Kalimat Januar sama sekali tak membuat aku melayang. Aku tak bisa merasakan apa-apa. Aku tak tahu harus bilang apa. Aku mati rasa, mungkin. Atau aku terlalu terkejut dengan ketiba-tibaannya. Aku bahkan lupa wajah Januar seperti apa. Aku lupa. Dan aku sedang mencoba emngingatnya lagi.

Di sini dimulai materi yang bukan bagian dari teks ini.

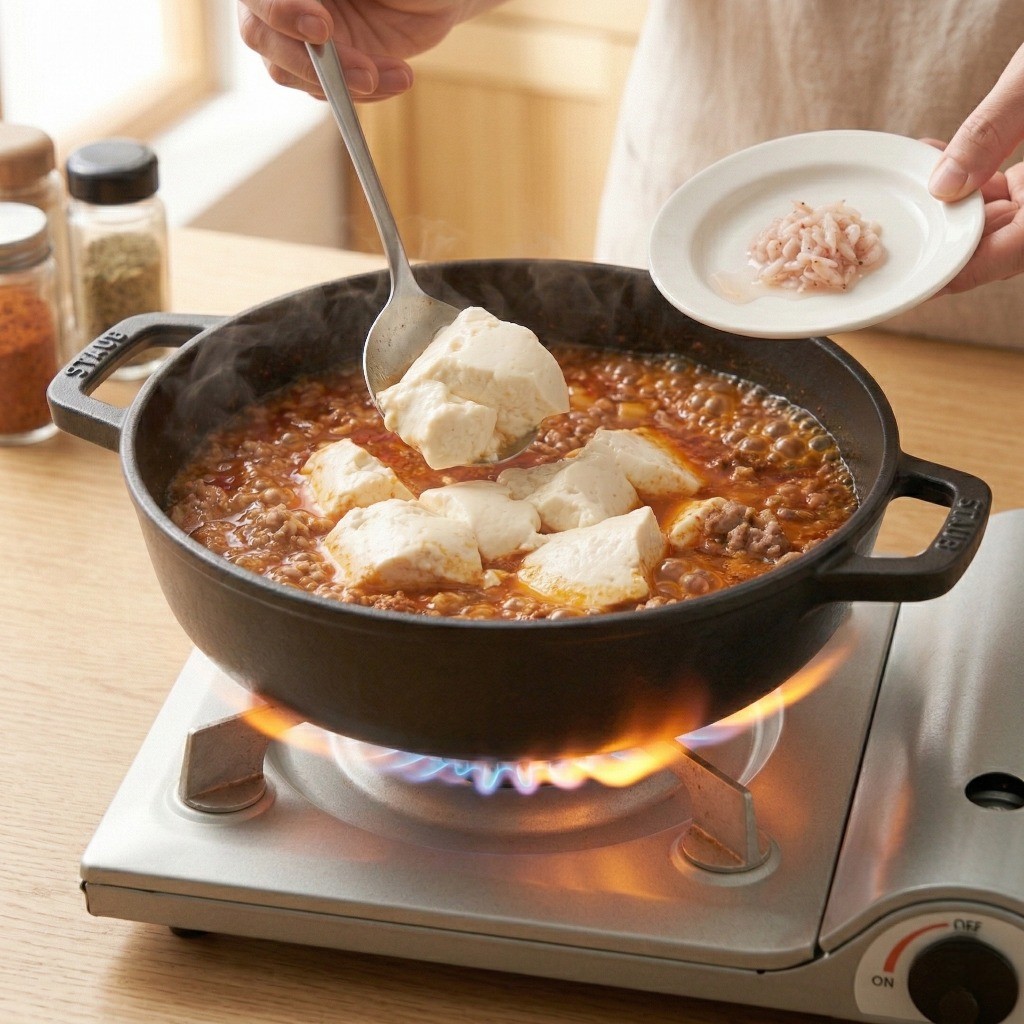 보글보글 끓는 찌개에 순두부를 넣고 새우젓으로 간을 맞추는 순두부찌개 완성 단계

“Aku menunggu, Li. Kita akan bicarakan ini lebih lanjut ketika kamu siap.” Januar memecah keterdiamanku kemudian.

“Sudah malam. Kututup dulu ya Li. Sudah waktunya kamu tidur. Aku ingat dulu, kamu selalu tidur lebih awal di hari libur, karena kamu ingin di hari libur tetap bisa bangun lebih pagi. Semoga itu belum berubah.” Ujarnya diikuti tawa kecil yang renyah.

“Selamat malam, Liliaku yang cantik. You know how much I miss u. Selamat malam. Assalamualaikum.”  Kalimat penutup Januar membuat ingatanku melayang pada masa beberapa tahun lalu. Aku masih mematung seperti orang kesetrum sampai kaku tak bisa bergerak.

Tiba-tiba di kepalaku muncul wajah Januar. Satu, dua, dan bertambah sehingga jumlahnya tak terhitung lagi. Aku ingat wajahnya. Ingat senyumnya. Ingat semua kalimat-kalimatnya.

I miss u too,  Jan.” Tiba-tiba kata itu yang terlontar dari gumamanku.

Aku tak tahu ini jam berapa. Yang kuingat ini seperti pagi hari ketika aku berdiri di teras lantai dua rumahku sambil memandang arah matahari terbit. Iya, ini jam enam pagi. Seperti itulah rasanya.